Le faux statu quo décidé par la Banque nationale suisse
POLITIQUE MONÉTAIRE Les taux négatifs restent à -0,75%, mais la Banque nationale va réduire les montants qu’elle prélève sur les comptes des banques commerciales. Une façon de pouvoir baisser ses taux plus facilement, en cas de besoin
C’est un statu quo qui n’en est pas vraiment un. Jeudi, la Banque nationale suisse (BNS) a annoncé qu’elle laissait inchangés, à -0,75%, son taux directeur et le taux d’intérêt négatif appliqué aux avoirs à vue.
Elle répète aussi qu’elle reste «disposée à intervenir au besoin sur le marché des changes» pour faire baisser le franc. La banque centrale n’aura donc pas suivi son homologue européenne qui, la semaine dernière, a baissé ses taux de -0,40 à -0,50% et annoncé un nouveau programme de rachats d’actifs.
En revanche, il y a une nouveauté. Alors que la grogne bancaire se fait de plus en plus forte, la Banque nationale «adapte la base de calcul pour le prélèvement de l’intérêt négatif sur les avoirs à vue». Autrement dit, en remontant le montant exonéré de taux négatifs, elle suit le mouvement de la BCE, la semaine dernière: elle allège la charge pour les banques ou les institutions qui déposent leurs liquidités auprès d’elle.
A la botte des banquiers?
Ces derniers mois, les banquiers suisses se sont montrés de plus en plus irrités par les effets sur leurs affaires de taux négatifs qui perdurent désormais depuis presque cinq ans.

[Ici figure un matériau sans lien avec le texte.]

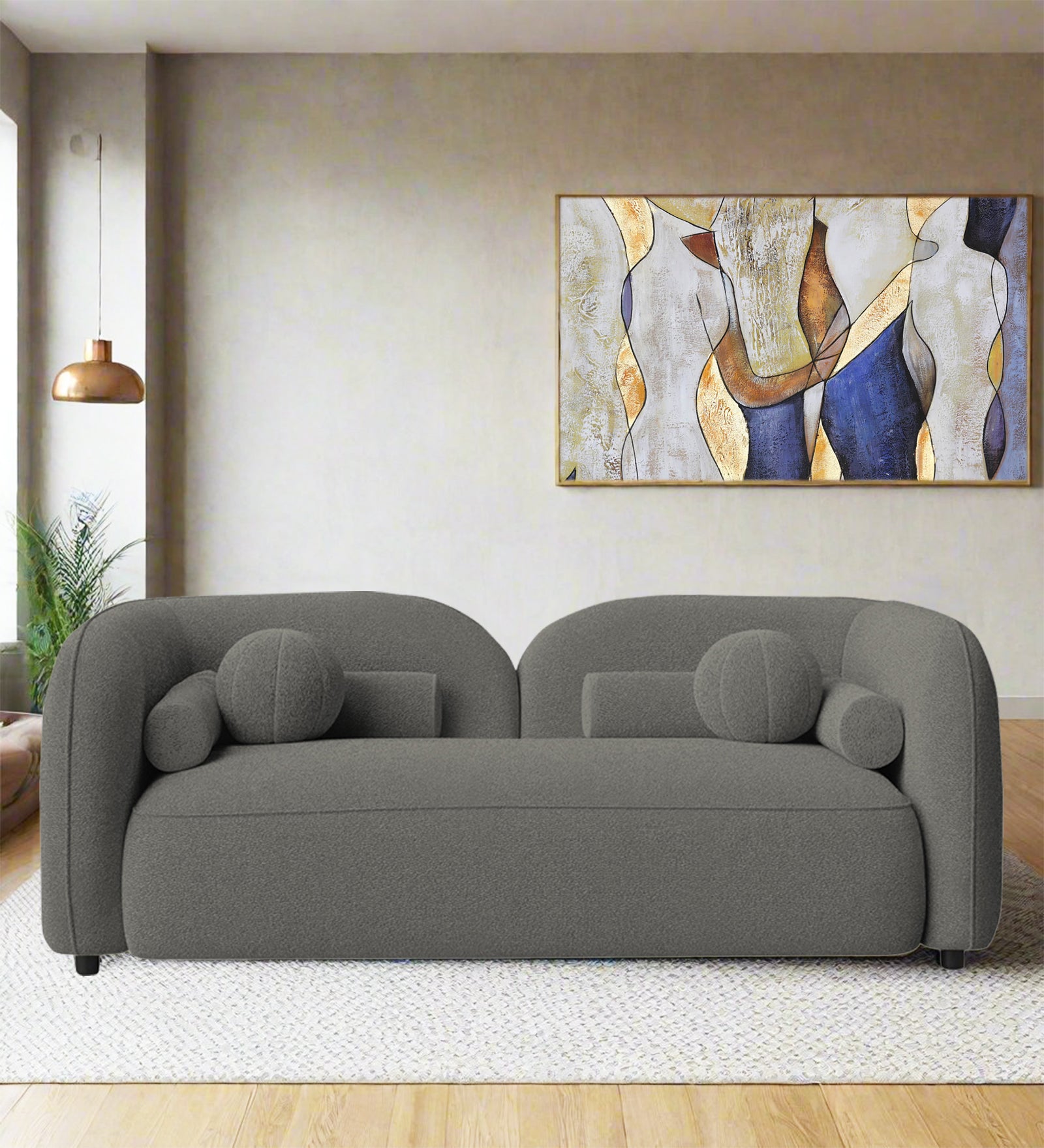 Corny Boucle Fabric 2 Seater Sofa In Moon Grey Colour - Febonic Living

Jeudi, la faîtière Swissbanking s’est félicitée, d’une part, que la BNS n’ait pas davantage baissé ses taux, mais aussi des ajustements sur ses méthodes de calcul. «Cela démontre que la BNS prend en compte la situation des banques.»
Au premier semestre 2019, les taux négatifs ont rapporté environ 1 milliard de francs à la BNS. Ils avaient déjà généré un gain de 2 milliards par an, tant en 2017 qu’en 2018. «La charge qu’ils représentent doit être limitée au strict minimum», affirme désormais la banque centrale.

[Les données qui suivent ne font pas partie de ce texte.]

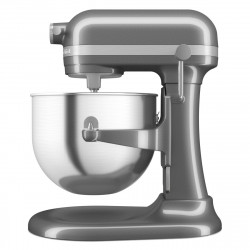 Mixer planetar KitchenAid Artisan 5KSM70SHXEMS Medallion silver, 375 W, 6,6 l, 11 viteze, 67 de puncte de contact, Ridicare bol, Viteză speciala „Fold”, Flex Edge, Gri metalizat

Pour l’Union syndicale suisse (USS), la BNS «abdique face à la place financière». La faîtière des syndicats regrette que les nouvelles exonérations de taux négatifs se concentrent sur les banques et les investisseurs, plus mobiles sur le marché des devises que ne le sont l’AVS et les caisses de pension. Ces dernières «sont tenues de verser des prestations en francs. Elles doivent donc placer une grande partie de leurs actifs en francs. Elles devraient bénéficier d’exemptions plus larges.».

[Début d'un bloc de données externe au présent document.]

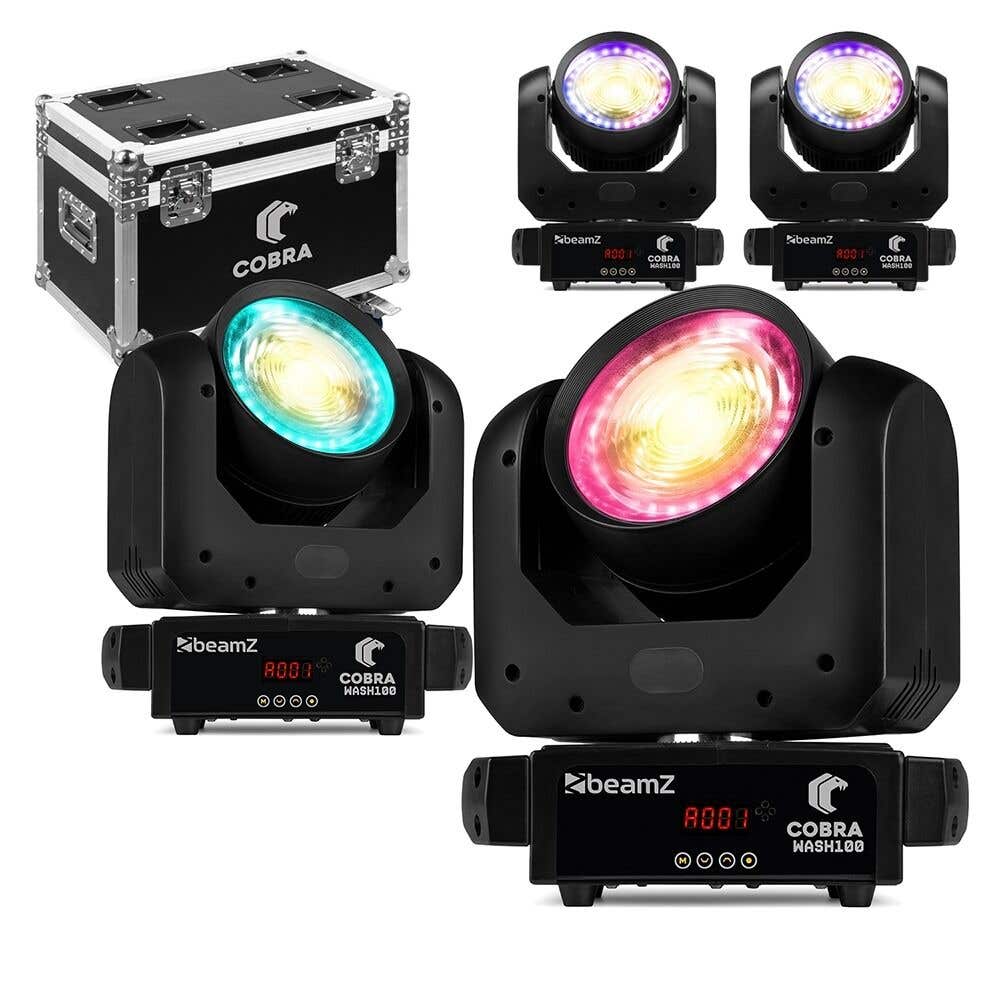 BeamZ Cobra Wash100 LED wash moving head set - Set van 4 stuks in flightcase - Wash moving heads - CW/WW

La BNS, elle, justifie cette mesure par «le contexte de taux d’intérêt bas à l’échelle mondiale, qui s’est encore renforcé et pourrait se poursuivre sur une plus longue période». Selon les analystes, le relèvement du niveau d’exonération et la possibilité de l’adapter chaque mois s’apparente à une mesure d’assouplissement monétaire. «La BNS se donne ainsi les moyens de pouvoir baisser les taux, si l’incertitude internationale se renforçait et si la conjoncture européenne se dégradait fortement», résume Sophie Casanova, économiste du groupe Edmond de Rothschild.
Economie de 840 millions
Maxime Botteron, de Credit Suisse, partage le même avis. En agissant ainsi, la BNS se facilite l’accès à une future baisse. Mais il nuance: «Cette mesure devrait avoir peu d’effet sur la limite inférieure à partir de laquelle les taux négatifs provoqueraient des retraits massifs en espèces.» De plus, «cette décision réduit le coût de la détention de francs, cela pourrait être contre-productif dans la lutte contre les pressions haussières».
A fin 2018, les avoirs parqués à la BNS atteignaient 574 milliards de francs. Un peu moins de la moitié d’entre eux, soit 269 milliards, étaient soumis aux taux négatifs. Selon les premières estimations de Credit Suisse, le changement de régime devrait permettre à 113 milliards de francs de dépôts supplémentaires d’être exonérés. Soit, pour les banques domestiques, une économie de 840 millions de francs par an.